2016-10-22 11:30:15.223
[crsd(11023)]CRS-5504:Node down event reported for node 'ex01db02'.
2016-10-22 11:30:17.307
[crsd(11023)]CRS-2773:Server 'ex01db02' has been removed from pool 'Generic'.
2016-10-22 11:30:17.307
[crsd(11023)]CRS-2773:Server 'ex01db02' has been removed from pool 'ora.dbm'.
2016-10-22 11:30:17.307
[crsd(11023)]CRS-2773:Server 'ex01db02' has been removed from pool 'ora.xxsbcw'.
2016-10-22 11:30:17.307
[crsd(11023)]CRS-2773:Server 'ex01db02' has been removed from pool 'ora.nbdb'.
2016-10-22 11:30:17.307
[crsd(11023)]CRS-2773:Server 'ex01db02' has been removed from pool 'ora.qyyl'.

ex01db02 infiniband交换机日志信息:

head: cannot open 'VERSION_FILE' for reading: No such file or directory

[ DB Machine Infiniband Cabling Topology Verification Tool ]
[Version IBD VER 2.c ]
src/ibnetdisc.c:507; Query remote node (DR path slid 0; dlid 0; 0,1,6) failed, skipping port
src/ibnetdisc.c:507; Query remote node (DR path slid 0; dlid 0; 0,1,13,6) failed, skipping port
src/ibnetdisc.c:507; Query remote node (DR path slid 0; dlid 0; 0,1,6) failed, skipping port
src/ibnetdisc.c:507; Query remote node (DR path slid 0; dlid 0; 0,1,13,6) failed, skipping port
Use of uninitialized value in hash element at /opt/oracle.SupportTools/ibdiagtools/topologies/fetchTopology.pm line 665, <SFILE> line 1.
Use of uninitialized value in hash element at /opt/oracle.SupportTools/ibdiagtools/topologies/fetchTopology.pm line 665, <SFILE> line 2.
External non-Exadata-image nodes found: check for ZFS if on T4-4 - else ignore
src/ibnetdisc.c:507; Query remote node (DR path slid 0; dlid 0; 0,1,6) failed, skipping port
src/ibnetdisc.c:507; Query remote node (DR path slid 0; dlid 0; 0,1,13,6) failed, skipping port
src/ibnetdisc.c:507; Query remote node (DR path slid 0; dlid 0; 0,1,6) failed, skipping port
src/ibnetdisc.c:507; Query remote node (DR path slid 0; dlid 0; 0,1,13,6) failed, skipping port

Bad link:Switch 0x2128f56da3a0a0 Port 6A - nbusrv Port 17A
Reason : 2.5 Gbps Speed found. Could be 5 Gbps
Possible cause : Cable isn't fully seated in
Spine switch found: ex01sw-ibs0.xxxx.com (2128f56d3ca0a0)
Leaf switch found: ex01sw-ibb0.xxxx.com (2128f56da3a0a0)
Leaf switch found: ex01sw-iba0.xxxx.com (2128f56bf6a0a0)

Found 2 leaf, 1 spine, 0 top spine switches

Check if all hosts have 2 CAs to different switches...............[SUCCESS]
Leaf switch check: cardinality and even distribution..............[ERROR]

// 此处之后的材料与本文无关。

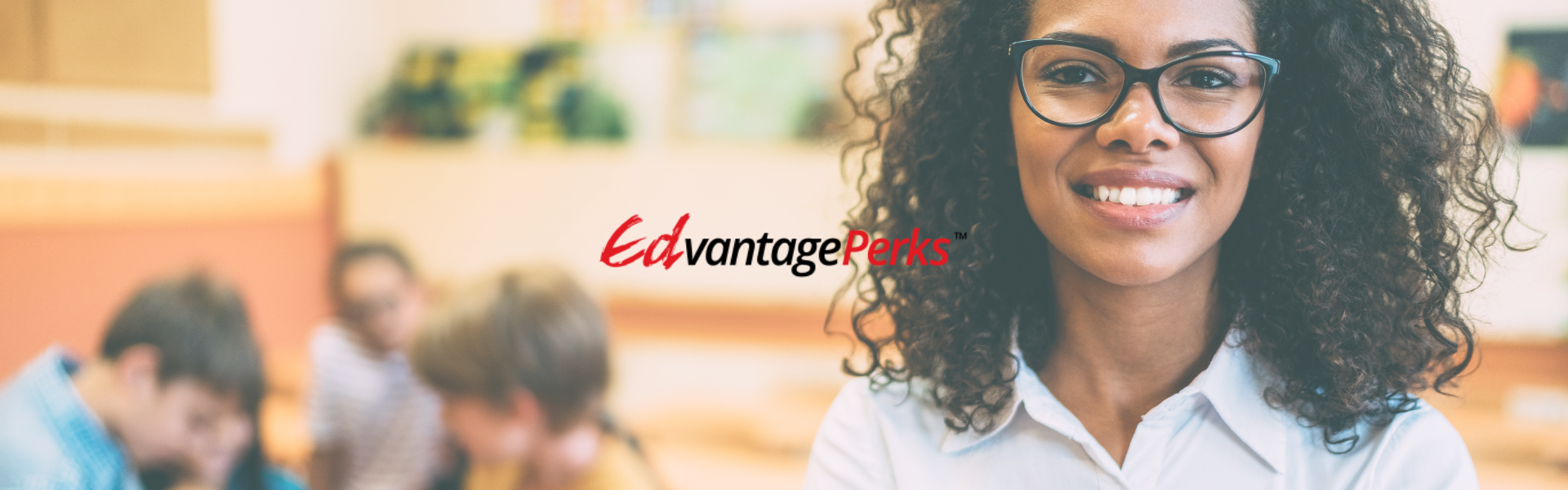 Black female teacher in the foreground with a group of students in the background. The Edvantage Perks logo is placed in the centre. 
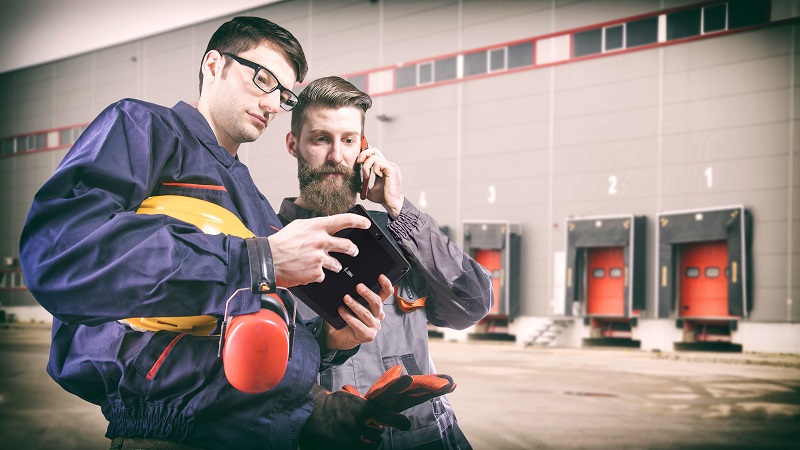 Two workers look at their rugged tablet screen as they stand outside dock doors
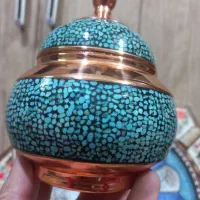 ساعت،خاتم ونقاشی مینا، و قندان مسی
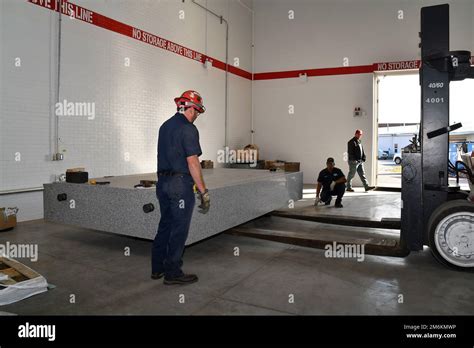 Los técnicos de aparejos mueven una mesa de granito que pesa 14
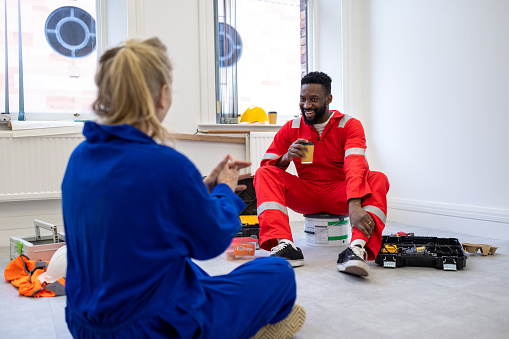 Over the shoulder view of a mid adult male and mature female building contractors sitting down on paint cans taking a break in a room they are renovating, they are enjoying their lunch and hot drinks. They're wearing reflective coveralls and having a chat on their lunch break.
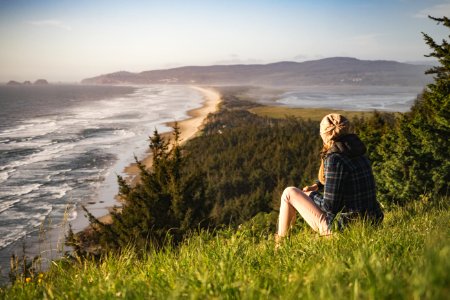 person sitting on hill near ocean during daytime photo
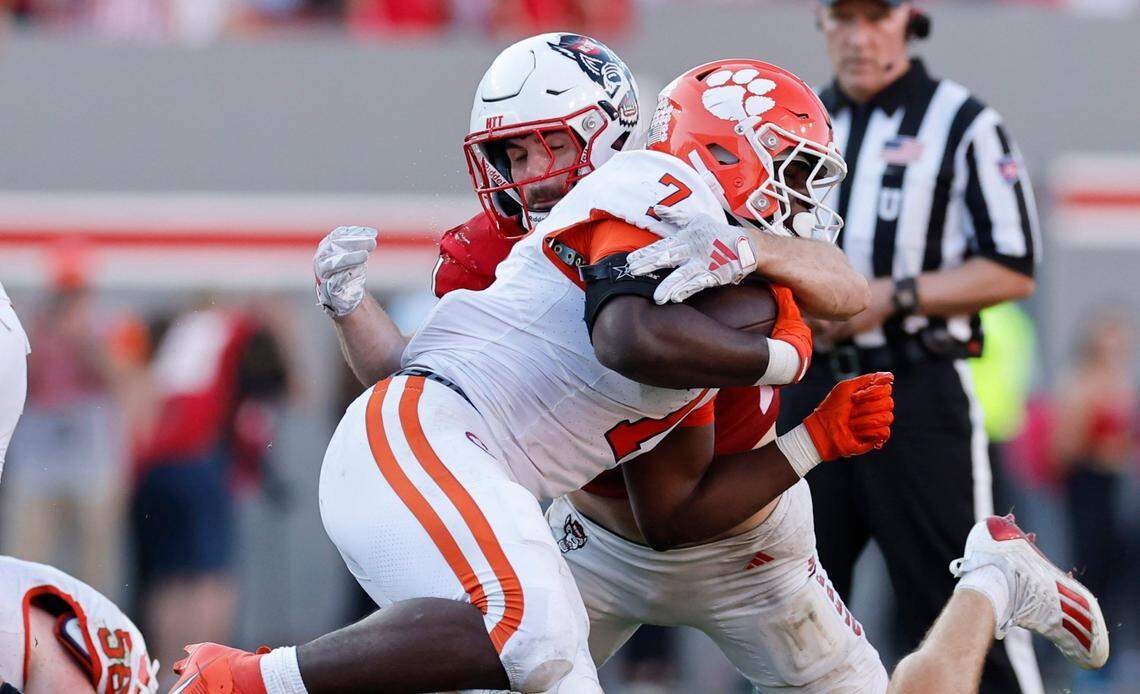 N.C. State linebacker Payton Wilson (11) tackles Clemson running back Phil Mafah (7) during the second half of N.C. State’s 24-17 victory over Clemson at Carter-Finley Stadium in Raleigh, N.C., Saturday, Oct. 28, 2023.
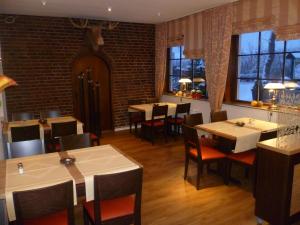 a restaurant with tables and chairs in a room at Hotel Grüner Jäger in Travemünde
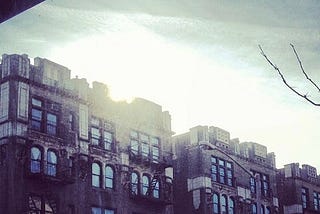 sun piercing through clouds above intricately designed building tops in Washington Heights near the home of Jose Toribio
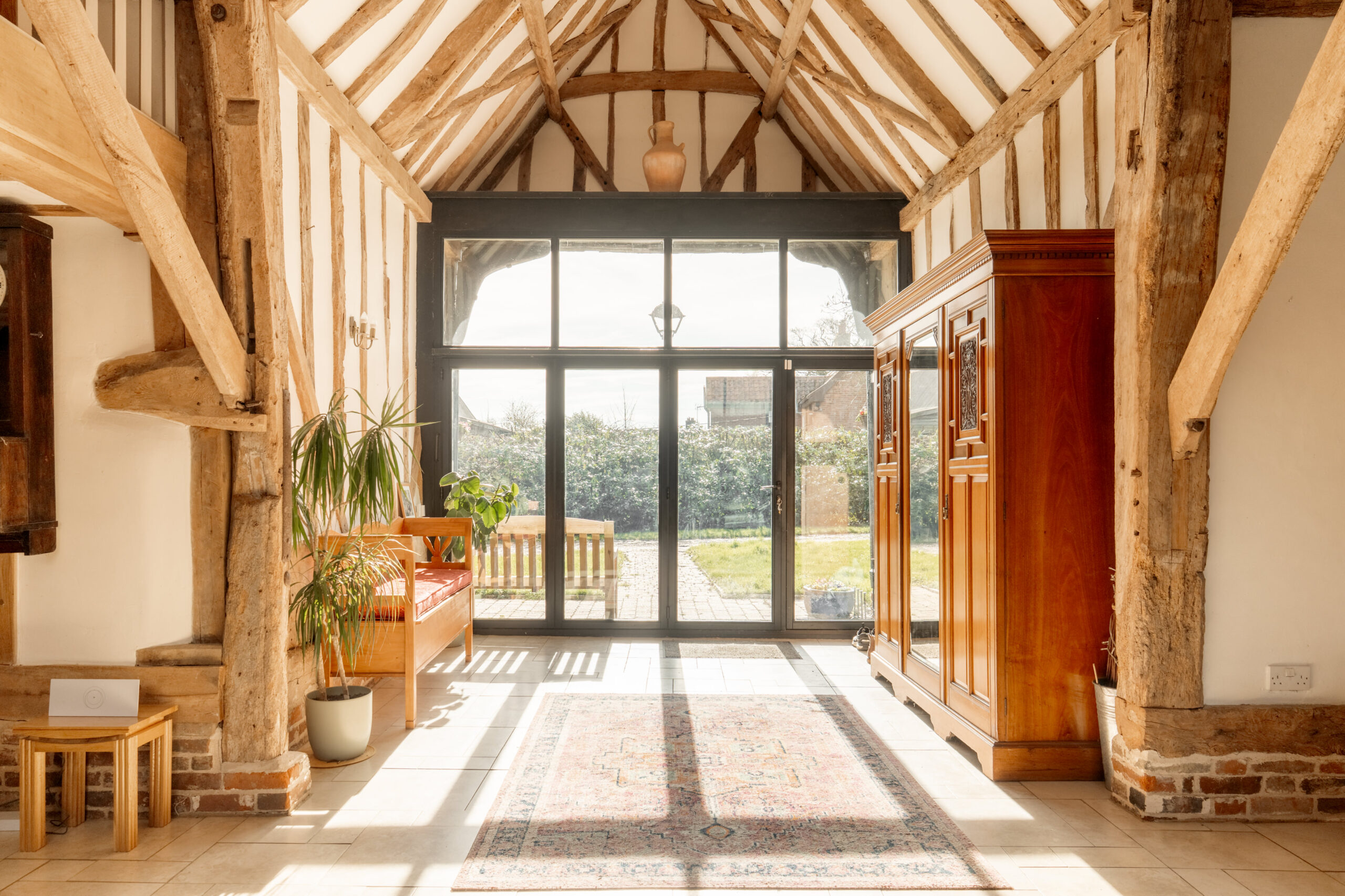 A bright, rustic hallway with exposed wooden beams, large glass doors leading to a garden, a wooden bench with plants, an ornate rug, and a vintage wooden wardrobe. Sunlight fills the space.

Leaf Switch ex01sw-ibb0.xxxx.com with GUID 0x2128f56da3a0a0has fewer than 7 links to storage cells
It has 6 links ( 17A 17B 16A 16B 15A 14B)to storage cells
[ERROR]

Leaf Switch ex01sw-iba0.xxxx.com with GUID 0x2128f56bf6a0a0has fewer than 7 links to storage cells
It has 6 links (17A 17B 16A 16B 15A 14B )to storage cells
[ERROR]
2 switches did not meet this requirement

Spine switch check: Are any Exadata nodes connected ..............[SUCCESS]
Spine switch check: Any inter spine switch links..................[SUCCESS]
Spine switch check: Any inter top-spine switch links..............[SUCCESS]
Spine switch check: Correct number of spine-leaf links............[SUCCESS]
Leaf switch check: Inter-leaf link check..........................[SUCCESS]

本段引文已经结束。